COLLECTED MATERIAL:
* * * * * * *

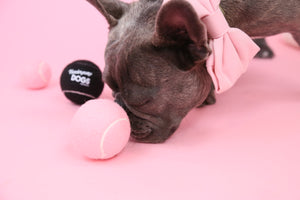 Vanderpump Dogs Tennis Ball Pink or Black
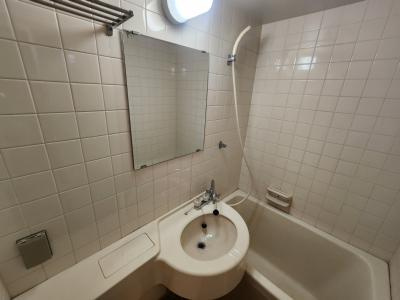 デイスターアベニューの洗面所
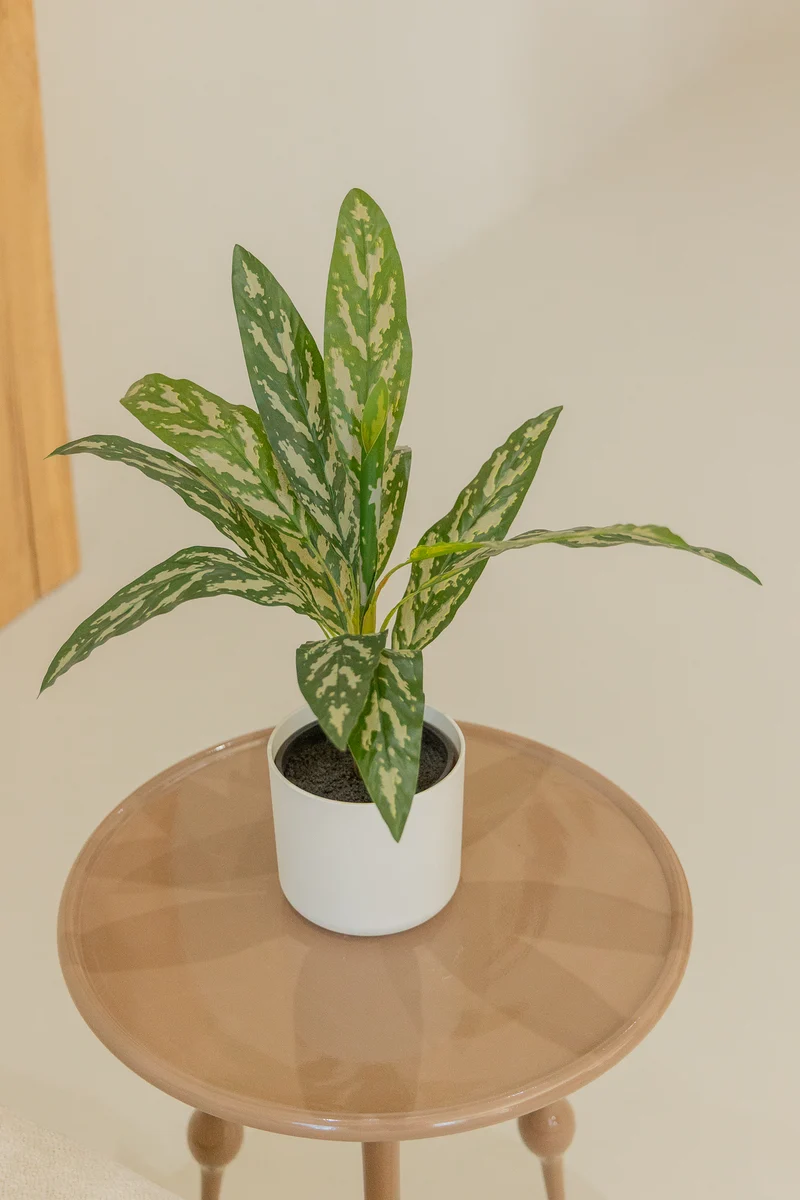 Dracaena Kunstpflanze 40 cm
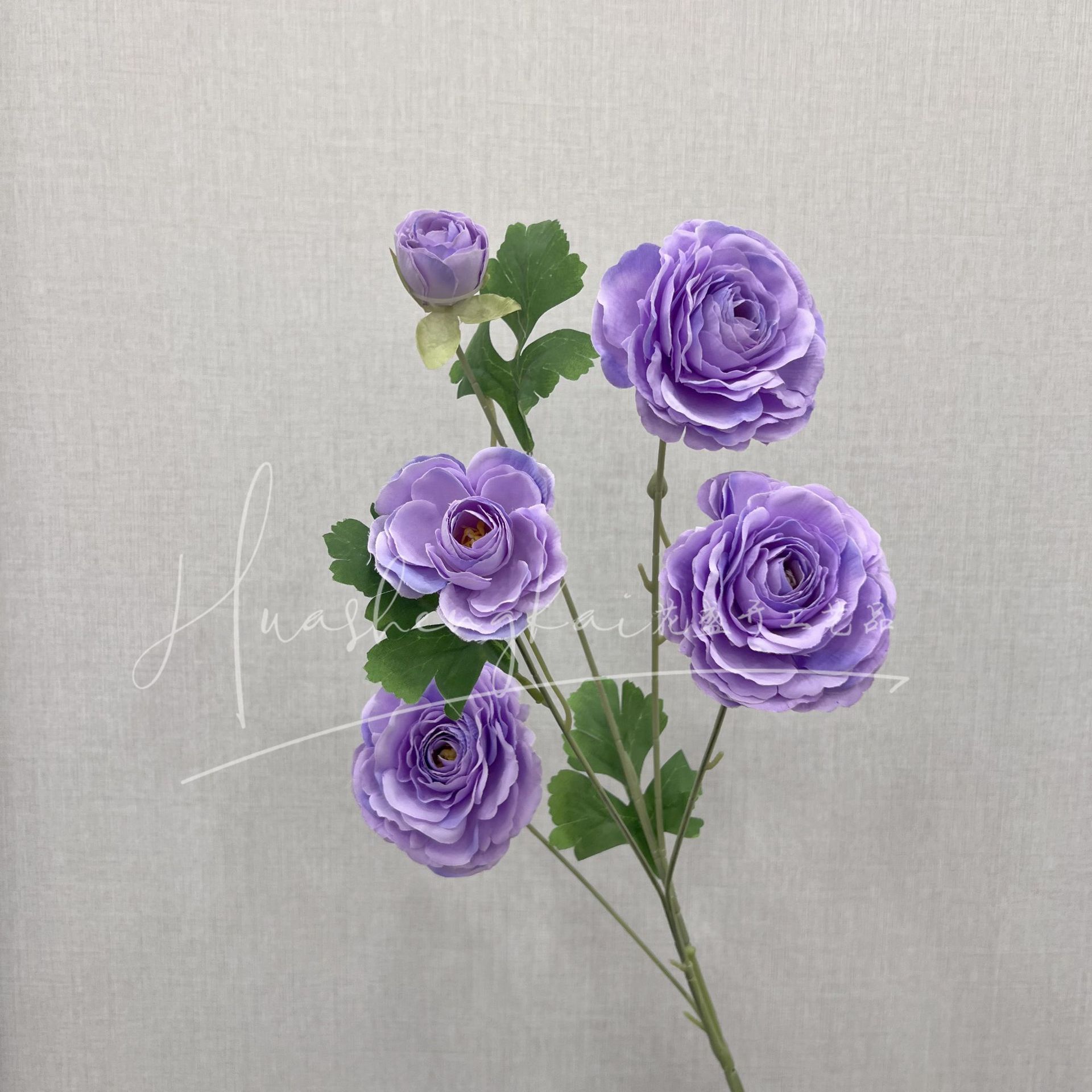 보라색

* * * * * * *

GOAL OF THE EXERCISE:
Output all the material exactly. The pictures are to be left out.

PROBLEM SOLUTION:
 Vanderpump Dogs Tennis Ball Pink or Black
 デイスターアベニューの洗面所
 Dracaena Kunstpflanze 40 cm
 보라색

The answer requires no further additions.